● TASK DESCRIPTION:
What are the lines, word for word, from the line with "509 E Meadecrest Dr, Knoxville, TN 37923" up to and including the line with "캡틴과 기쁨 나누는 이우찬" in the records below? Omit the pictures.

● INPUT DATA:
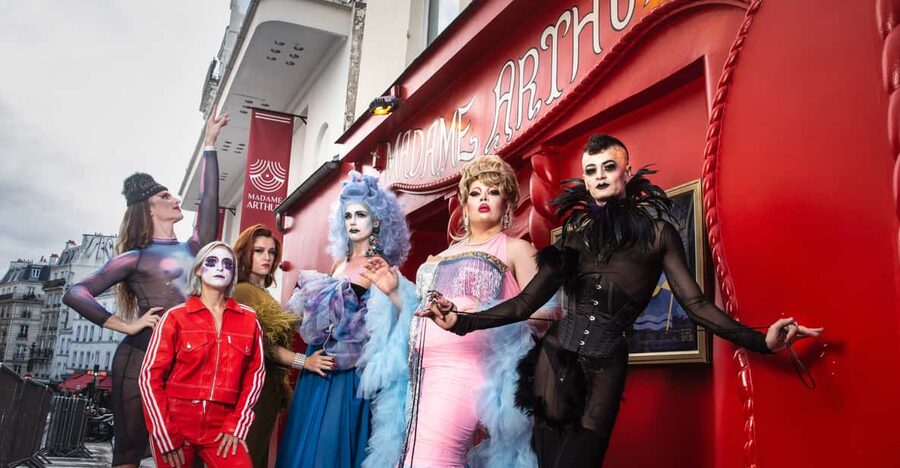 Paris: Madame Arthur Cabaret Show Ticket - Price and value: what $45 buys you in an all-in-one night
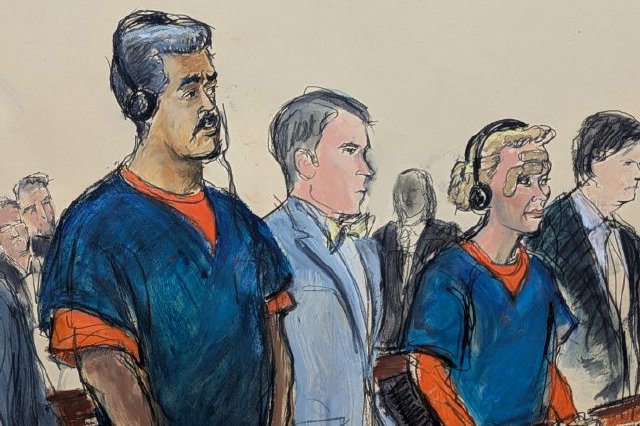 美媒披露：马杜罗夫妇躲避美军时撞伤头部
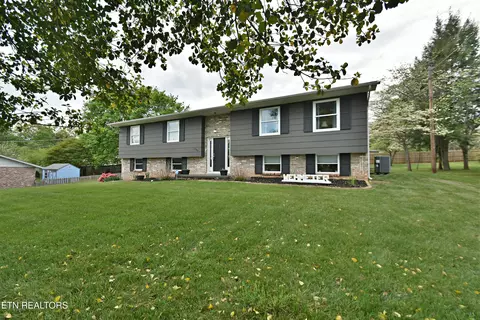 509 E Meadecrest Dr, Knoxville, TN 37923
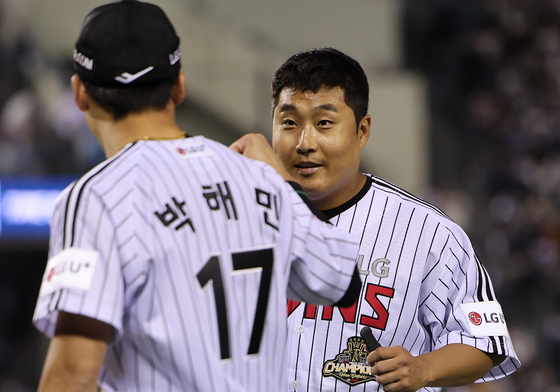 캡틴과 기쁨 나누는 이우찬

* * *

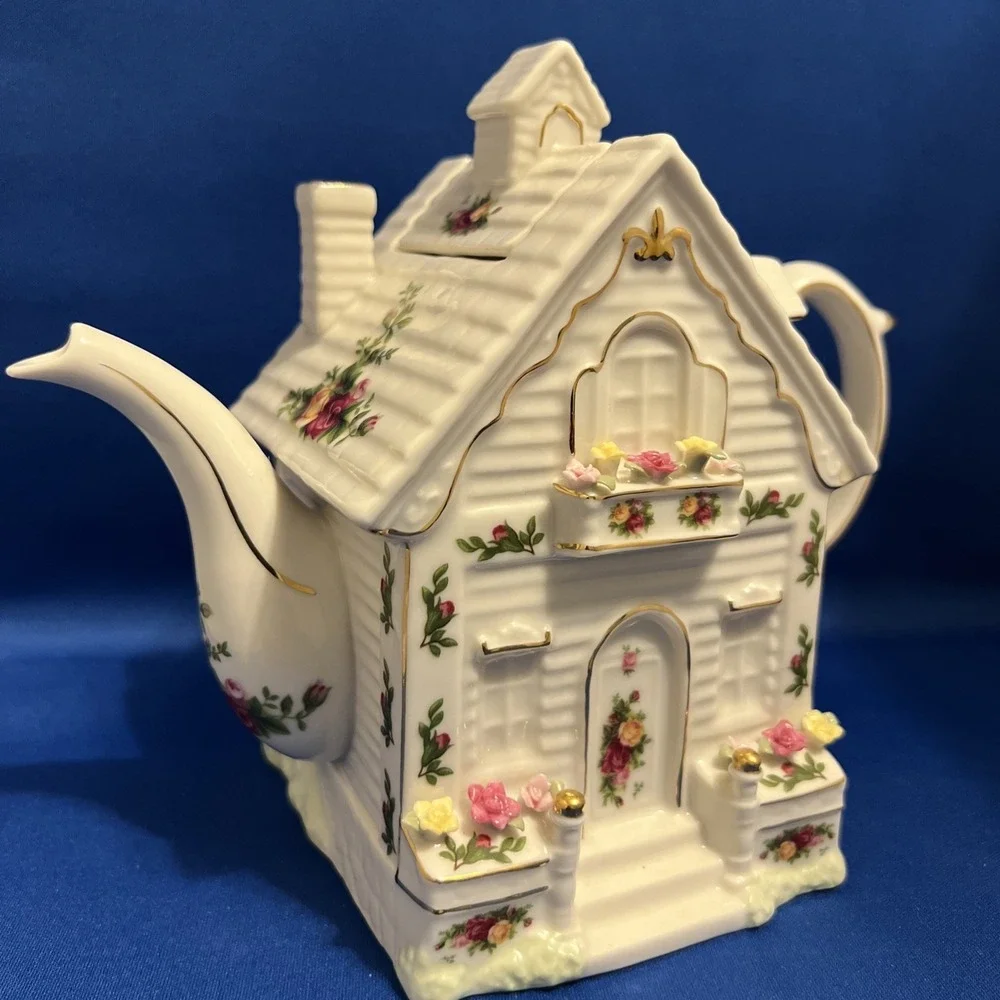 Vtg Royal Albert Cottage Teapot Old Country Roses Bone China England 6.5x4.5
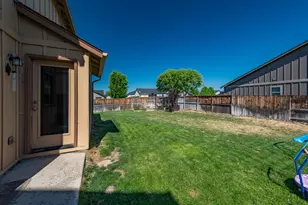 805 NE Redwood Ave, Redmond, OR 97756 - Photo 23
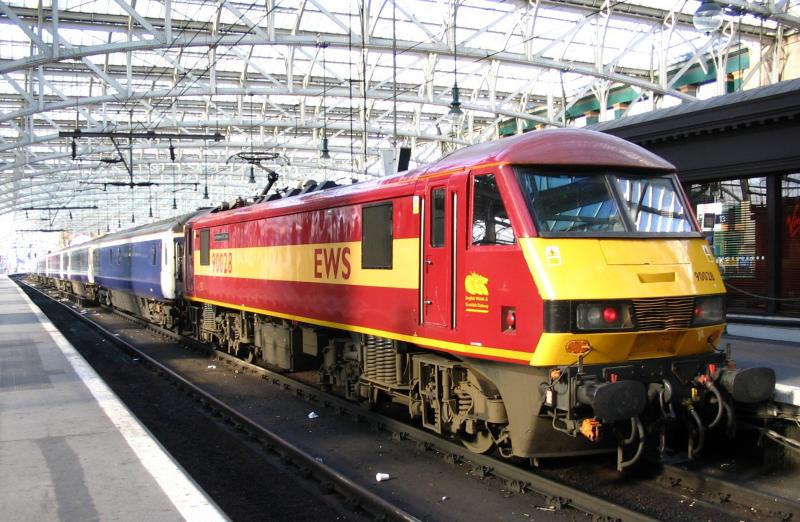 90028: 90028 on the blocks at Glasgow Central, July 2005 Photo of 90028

--

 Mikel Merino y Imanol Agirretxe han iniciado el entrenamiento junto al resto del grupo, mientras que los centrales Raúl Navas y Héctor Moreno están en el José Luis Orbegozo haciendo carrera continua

● SOLUTION TO THIS PROBLEM:
 509 E Meadecrest Dr, Knoxville, TN 37923
 캡틴과 기쁨 나누는 이우찬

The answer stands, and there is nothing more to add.